*Task item:* Look in the data below for the line that has "triangle sweater chain clavicle chain", then print exactly every line from there through the line that has "Bs London Shearling Sandals Tea 1014962", leaving pictures out.

*Task input:*
※

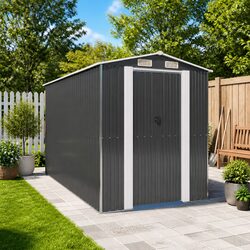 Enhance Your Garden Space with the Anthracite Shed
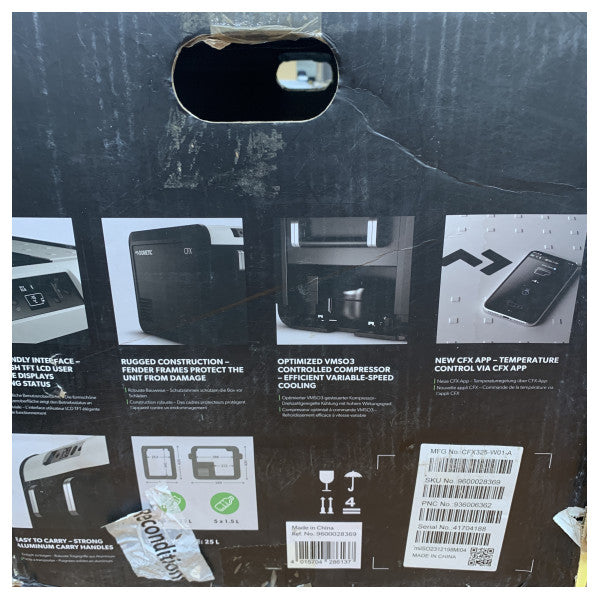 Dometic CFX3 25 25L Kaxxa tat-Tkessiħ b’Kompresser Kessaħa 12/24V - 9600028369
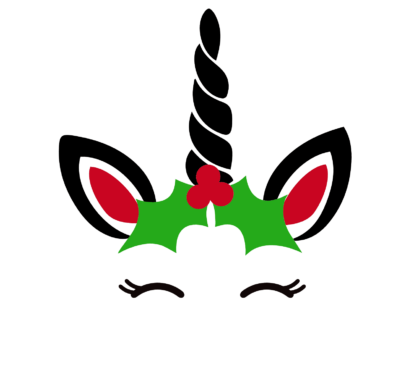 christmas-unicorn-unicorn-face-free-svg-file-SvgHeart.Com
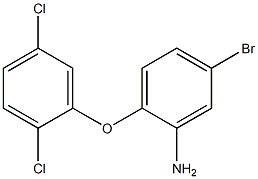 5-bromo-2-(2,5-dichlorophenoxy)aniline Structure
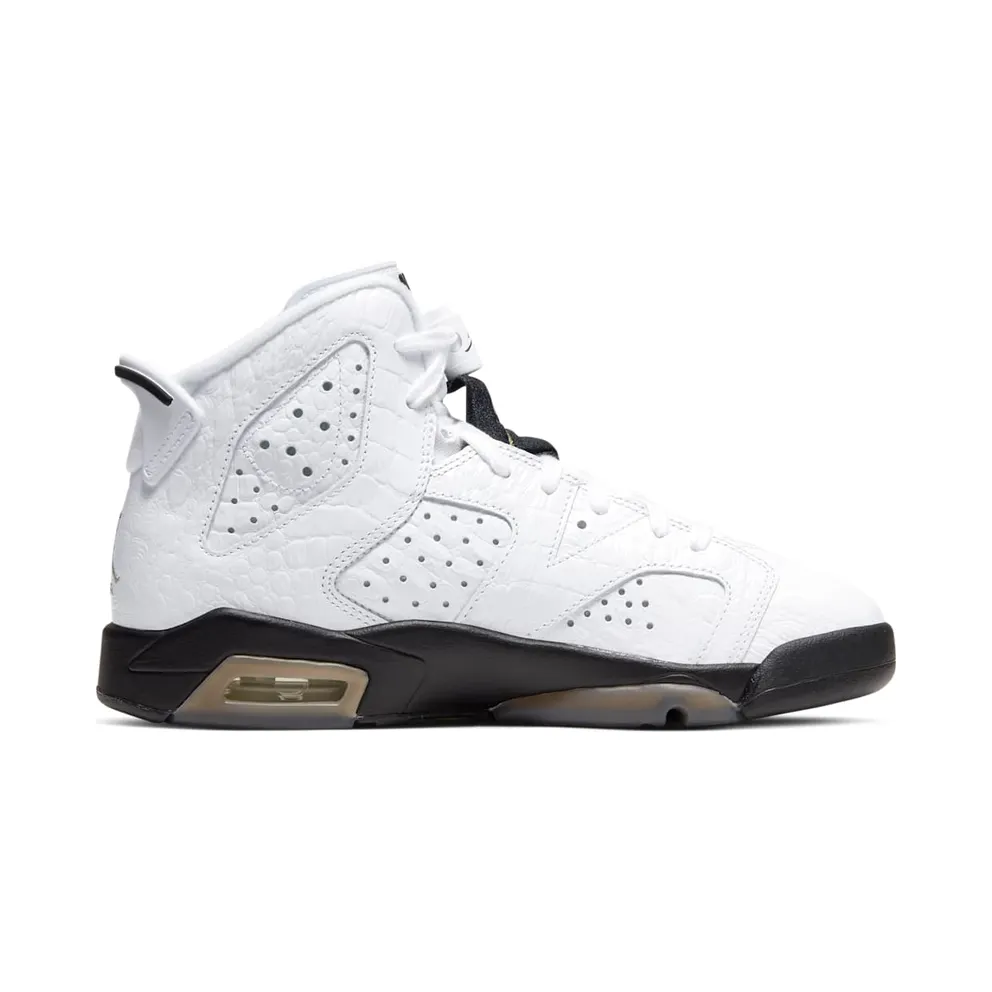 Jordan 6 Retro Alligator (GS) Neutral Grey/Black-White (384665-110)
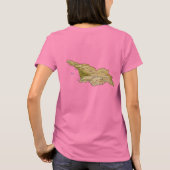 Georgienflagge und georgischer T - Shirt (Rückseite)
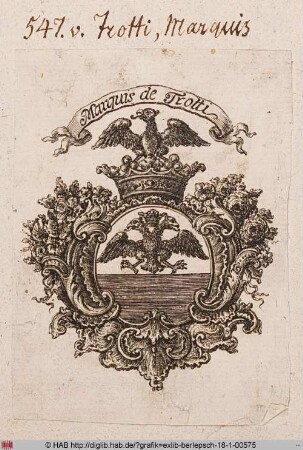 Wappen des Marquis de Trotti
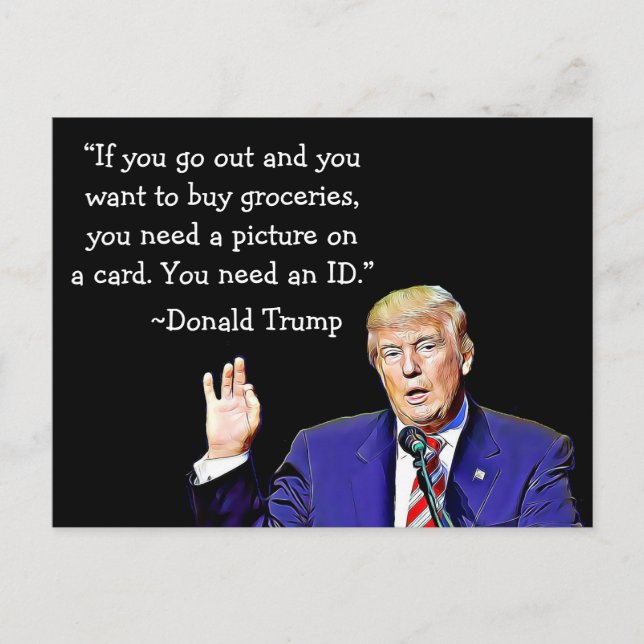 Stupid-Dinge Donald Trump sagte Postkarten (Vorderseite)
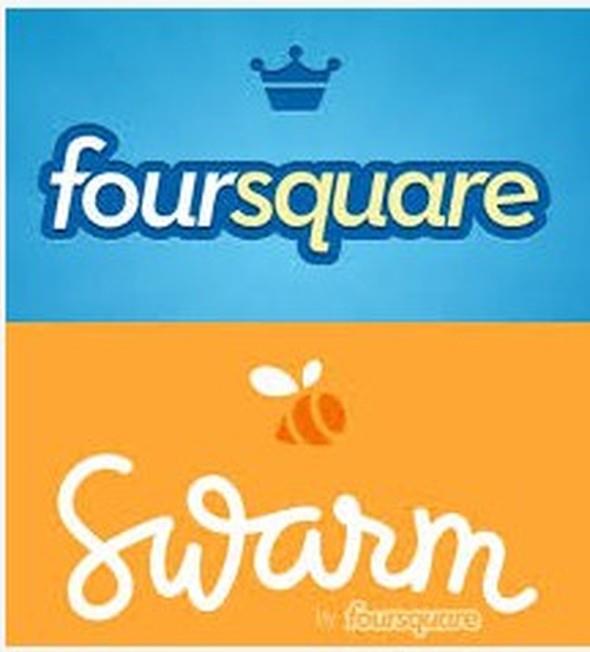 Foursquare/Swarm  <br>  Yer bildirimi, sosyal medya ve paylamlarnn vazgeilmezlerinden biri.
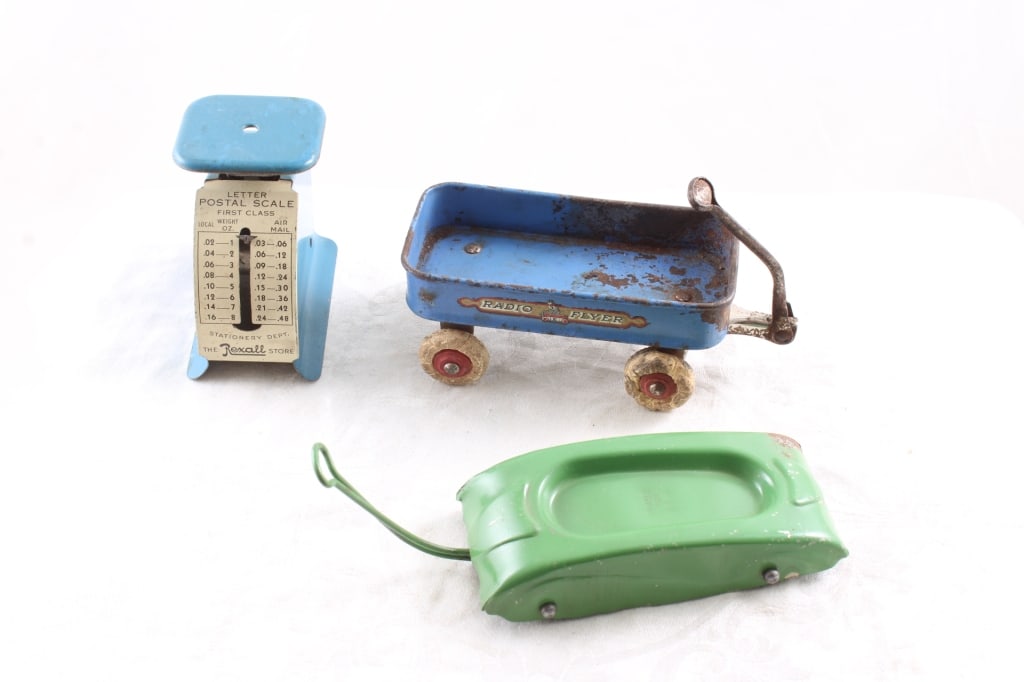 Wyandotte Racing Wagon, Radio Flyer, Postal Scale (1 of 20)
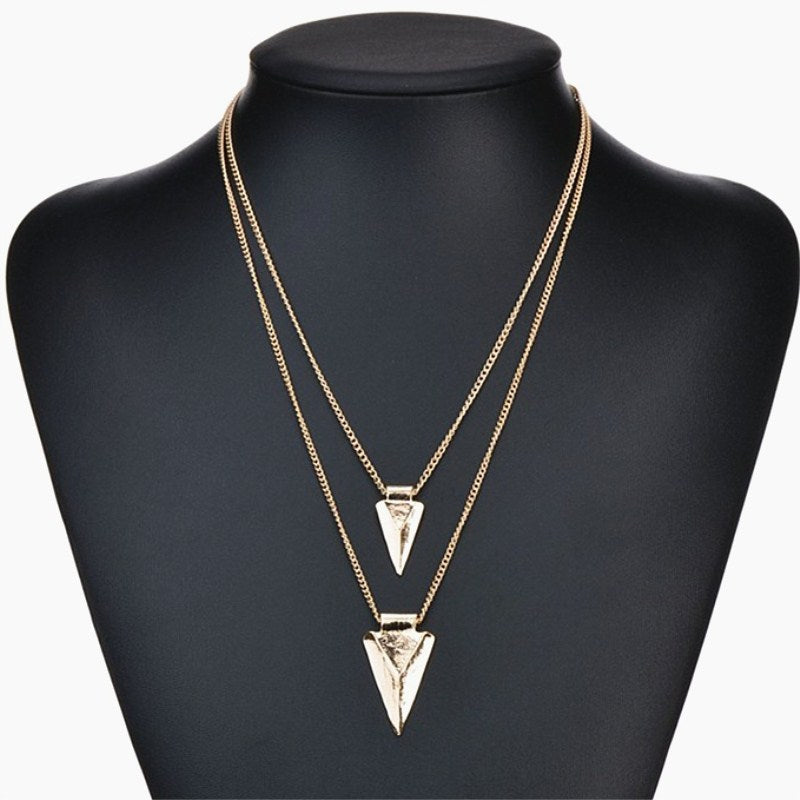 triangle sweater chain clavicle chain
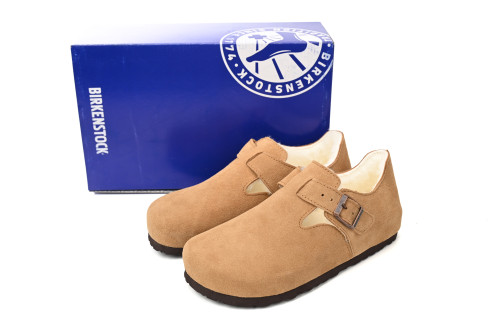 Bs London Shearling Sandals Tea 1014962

※

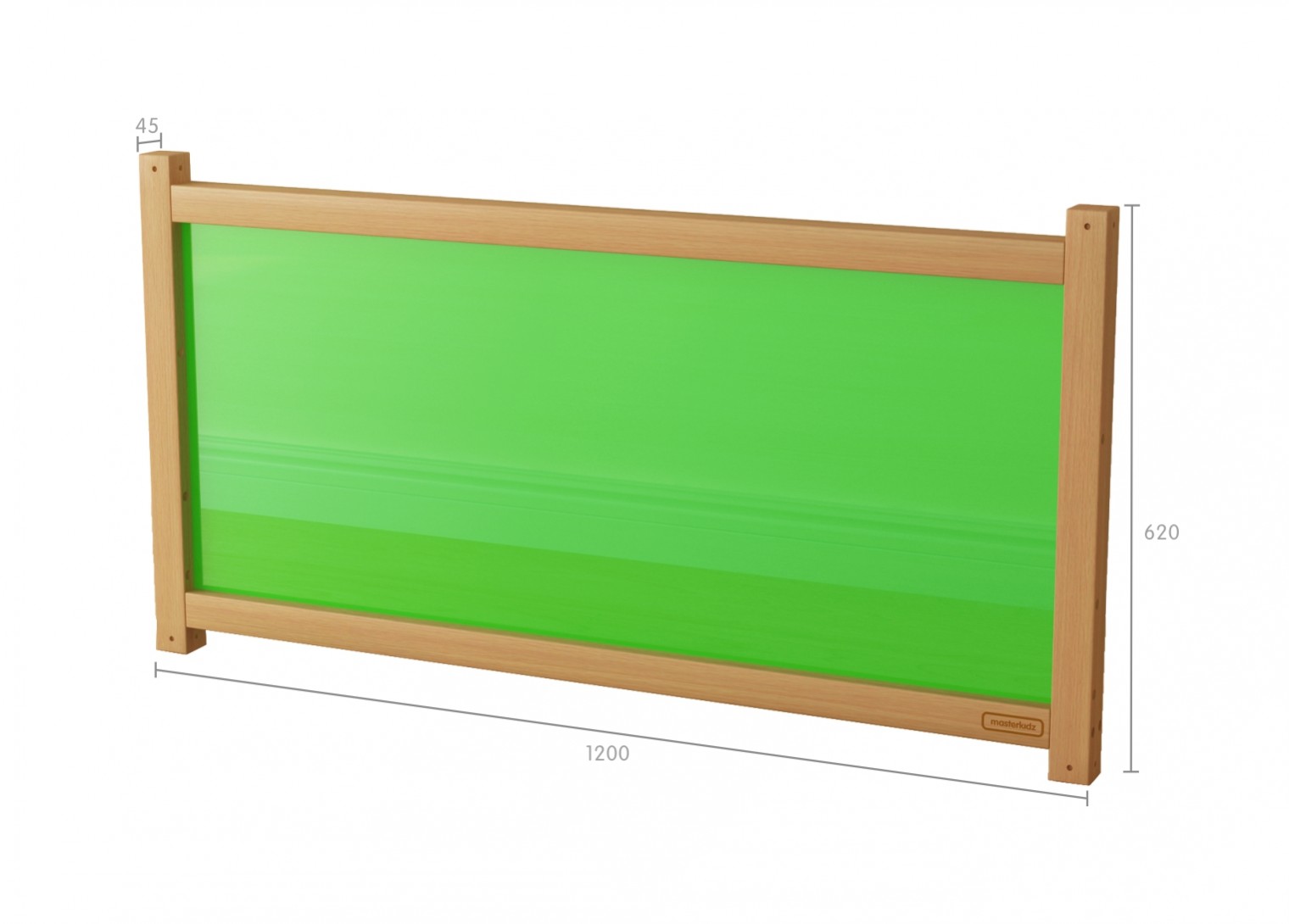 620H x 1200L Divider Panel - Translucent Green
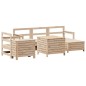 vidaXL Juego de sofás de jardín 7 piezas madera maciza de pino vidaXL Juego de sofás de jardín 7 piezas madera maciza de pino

※

*Task output:*
 triangle sweater chain clavicle chain
 Bs London Shearling Sandals Tea 1014962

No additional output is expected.